The appellate court has rejected the amendment application on the ground that it was filed with malafide intention to delay the hearing of the case.
From the perusal of the amendment application, it appears that it was filed to incorporate the facts which according to the petitioner, could not be brought earlier as the facts had not occurred by then. It is also stated that paragraph no. 29 of the written statement cannot be read separately and has to be read alongwith paragraph nos. 1, 28 and 36 which clear the situation that the petitioner had never admitted the respondent to be exclusive owner and landlord, as such the findings are perverse, against material on record and pleadings of respondent no. 2 and that respondent as landlord or co owner is not receiving the rent since 1987 i.e. the date since when partition had taken place between landlords.
According to the counsel for petitioner, the reason to move amendment application was two fold, firstly to incorporate the pleadings with regard to maintainability of the release application in the changed circumstances and secondly to demolish the alleged bonafide need pleaded by the landlord in his release application under section 21(1)(a) of U.P. Act no. 13 of 1972 which could not be pleaded by him in the written statement and also to clarify his defence.

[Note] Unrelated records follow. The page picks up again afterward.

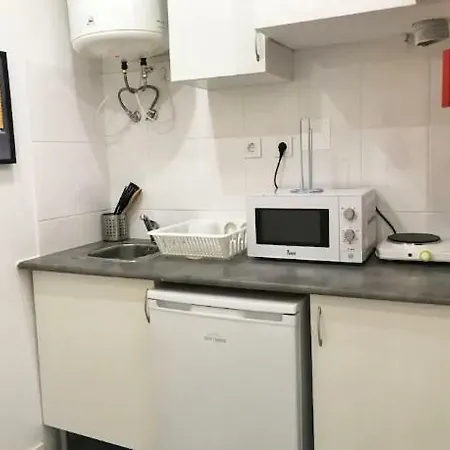 Cozy And Beautiful Flat In Great Location! Lisbona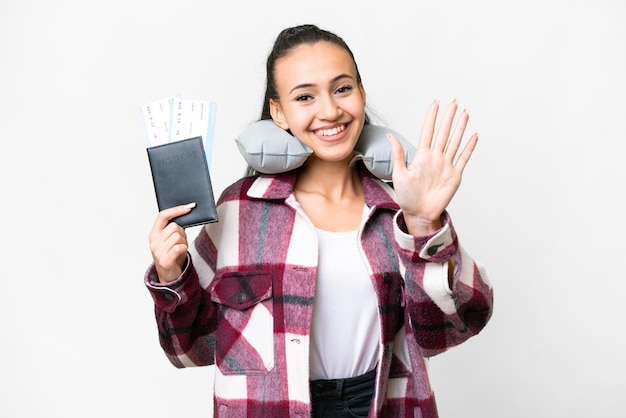 指で 5 を数える分離の白い背景の上にパスポートを保持している若い旅行者の女性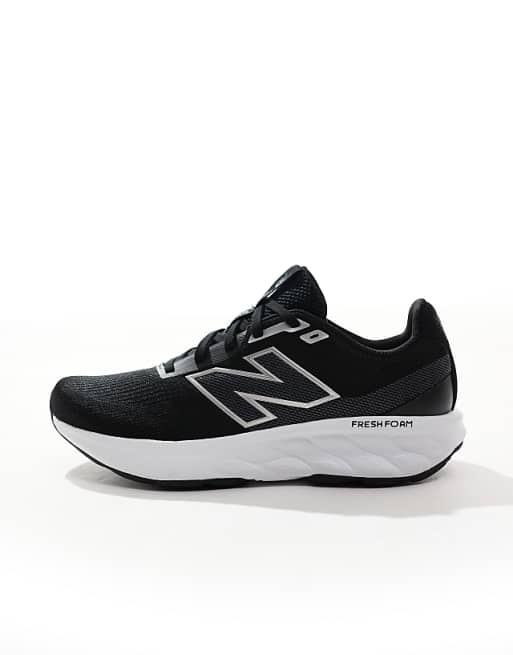New Balance 520 Running Trainers In Black And White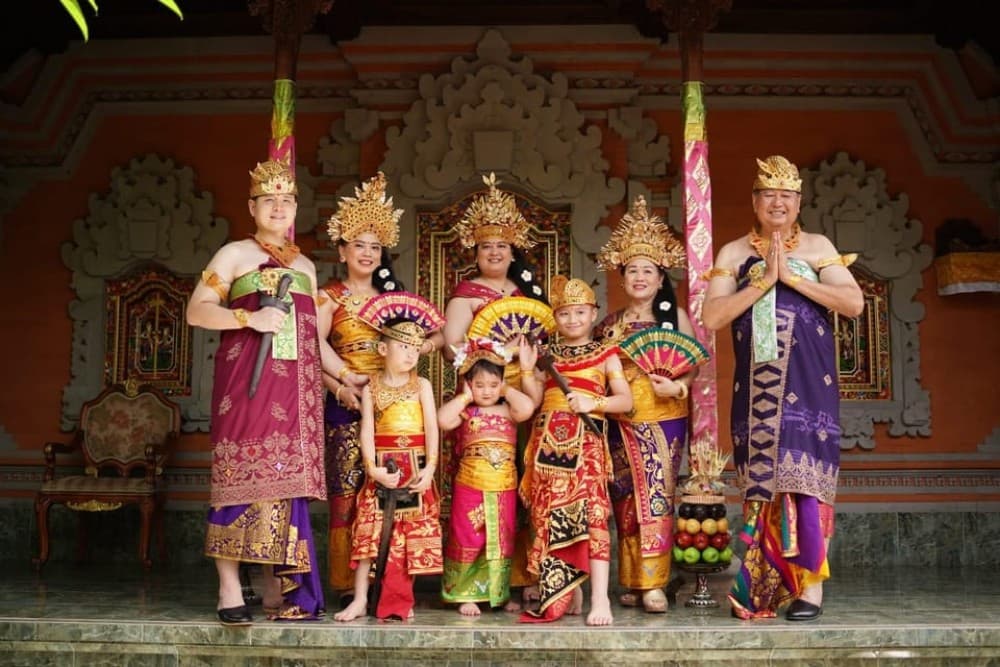 Ubud: Balinese Costume Photoshoot with Make Up | ®ExcursionMania - Image 4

From the perusal of impugned judgment and order, it is clear that the appellate court has found that the ground on which amendment has been moved, is not bonafide. The contention of the counsel for petitioner that appellate court can consider amendment at any stage of the case, has not been considered by the court below in its correct perspective as appeal is also continuation of the case and Rule 22 (d) of U.P. Urban Buildings (Regulation of Letting, Rent and Eviction) Rules, 1972 also permits such amendment does not appear to be correct.
The appellate court has in fact considered the provisions of Order VI Rule 17, C.P.C. read with section 34 of U.P. Act no. 13 of 1972 with rule 22(d) of the aforesaid Rules and has come to the conclusion that all amendments which have been sought by the petitioner, do not in any way help the court in determining the real controversy in dispute and cannot therefore be allowed on the touchstone of legal framework of Order VI Rule 17,C.P.C..

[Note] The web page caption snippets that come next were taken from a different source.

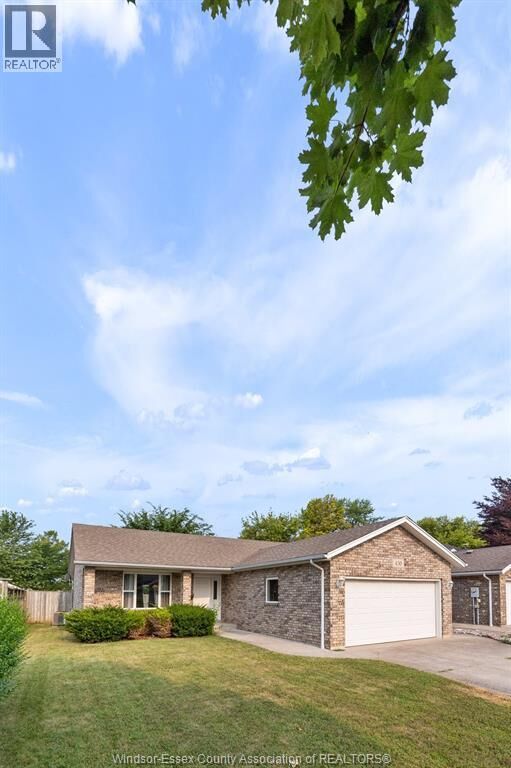 Property Photo: 450 Thorn Ridge Crescent ON N9V 3Y2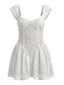 Robe Blanche Ajustée Taille Marquée en Dentelle Années 1950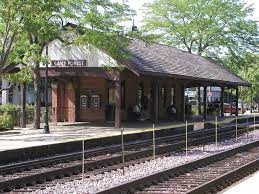 lake forest metra train station photo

Admittedly, the release application was filed in the year 1994 and the High Court vide its order dated 14.12.2009 had directed the appellate court to decide appeal no. 91 of 2006 within a period of three months from the date of production of certified copy of that order, yet the case is being lingered on, for which counsel for the respondent has claimed that petitioner is responsible as he has sought a number of adjournments on one ground or another. Admittedly also , the amendment application has been moved at the stage of hearing of the appeal and the court below has come to a conclusion that amendment sought for by the petitioner would not help the court in deciding the matter and hence has rightly rejected the amendment application.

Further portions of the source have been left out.